# PROBLEM STATEMENT
Please, without any pictures, transcribe the lines from the one holding "Tents moved from" to the end of the listing, both ends included.

# RECORDS FOR THIS EXERCISE
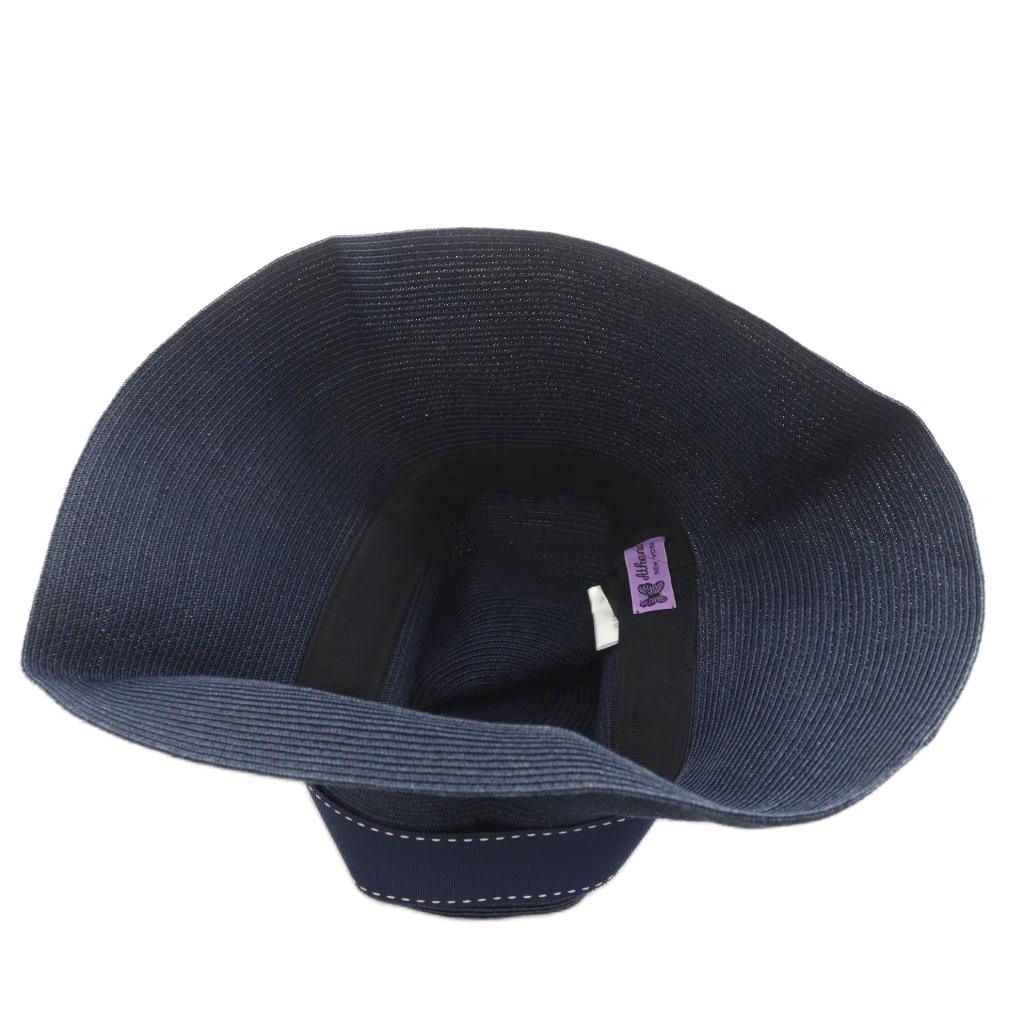 Athena NewYork リボン付き麦わら帽子　アシーナニューヨーク　新品 アシーナ ニューヨーク Athena New York 麦わら帽子 リボン 紺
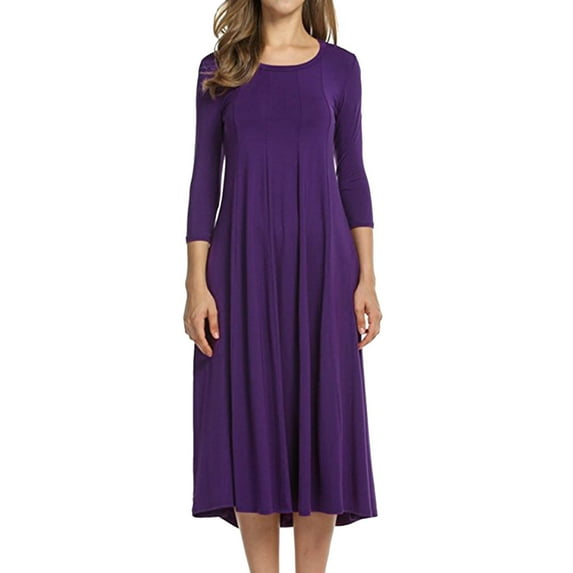 MSJUHEG Women'S Casual Dresses Purple Dress Women'S Fashion Casual Solid Dress Round Neck Long Sleeve Mid Calf Swing Dress Womens Dresses Purple M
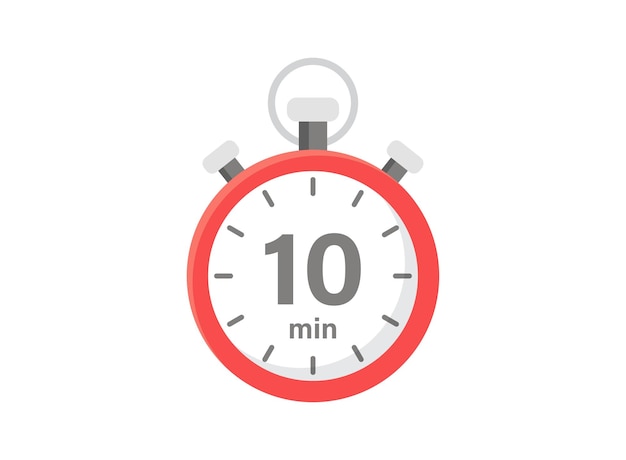 10 minutes on stopwatch icon in flat style clock face timer vector illustration on isolated background countdown sign business concept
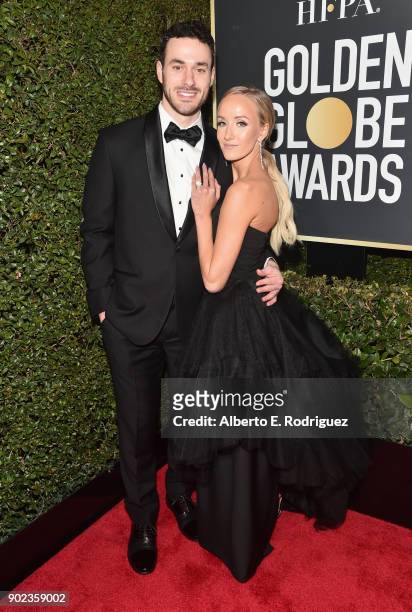 Olympic Medalist Nastia Liukin and Matt Lombardi attend The 75th Annual Golden Globe Awards at The Beverly Hilton Hotel on January 7, 2018 in Beverly...
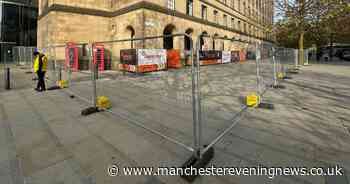 Tents moved from St Peter's Square and fences put up ahead of Remembrance Day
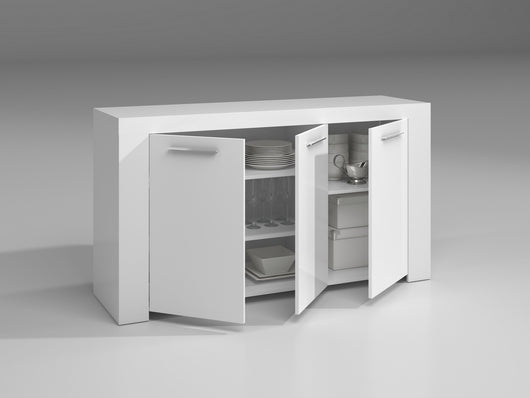 kit credenza 3 ante ambit 144x42xh80 cm bianco cod:ferx.94618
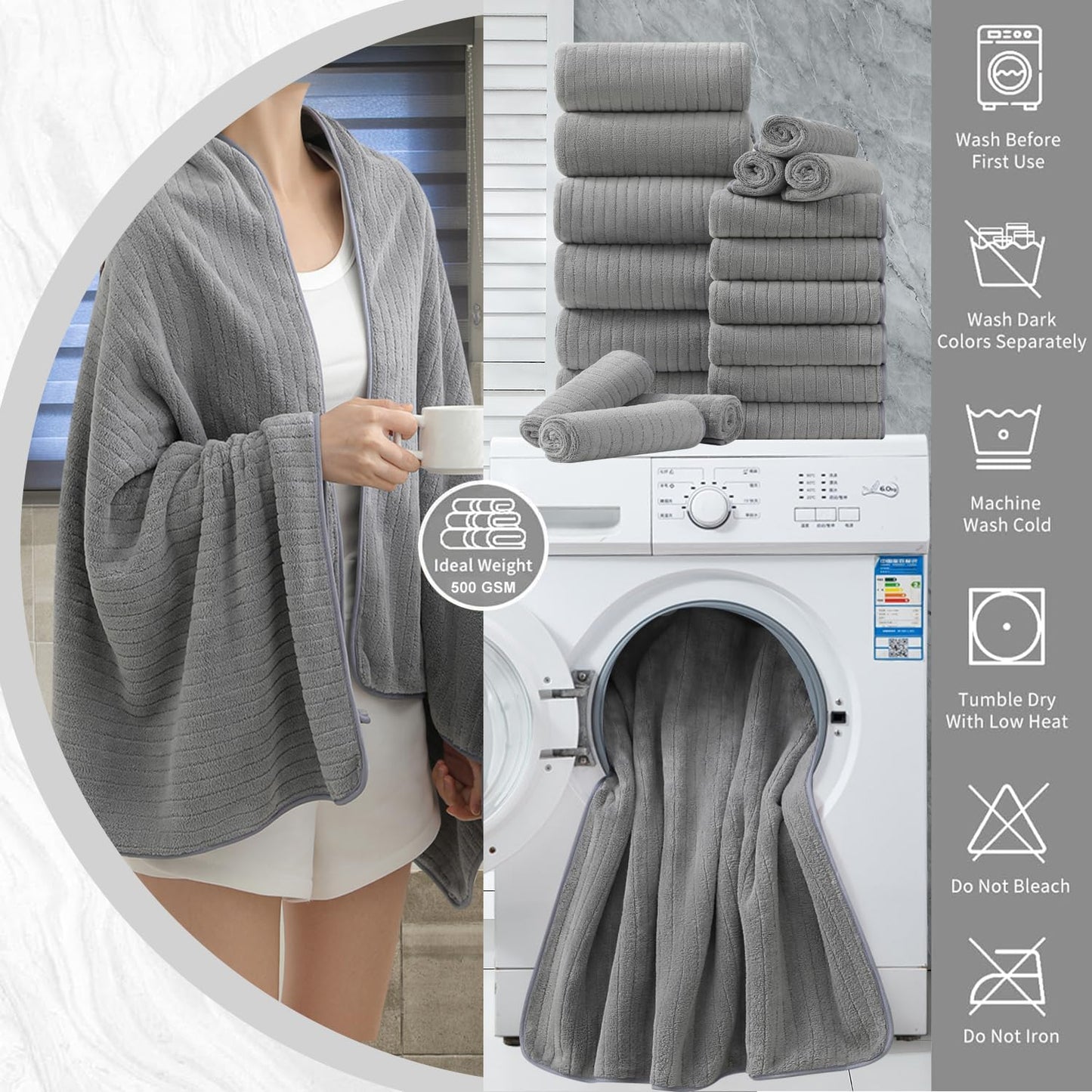 18 Set,Ultra Set Loops-6 Towels,6 Towels,6 Set Piece Bath Towels Soft Family Bathroom Towel with Hanging Bath Hand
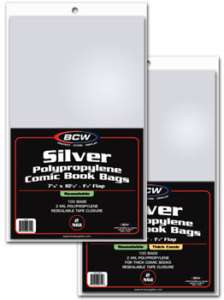 100) BCW Silver Age Size Resealable Comic Book Bags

# WRITTEN RESPONSE
 Tents moved from St Peter's Square and fences put up ahead of Remembrance Day
 kit credenza 3 ante ambit 144x42xh80 cm bianco cod:ferx.94618
 18 Set,Ultra Set Loops-6 Towels,6 Towels,6 Set Piece Bath Towels Soft Family Bathroom Towel with Hanging Bath Hand
 100) BCW Silver Age Size Resealable Comic Book Bags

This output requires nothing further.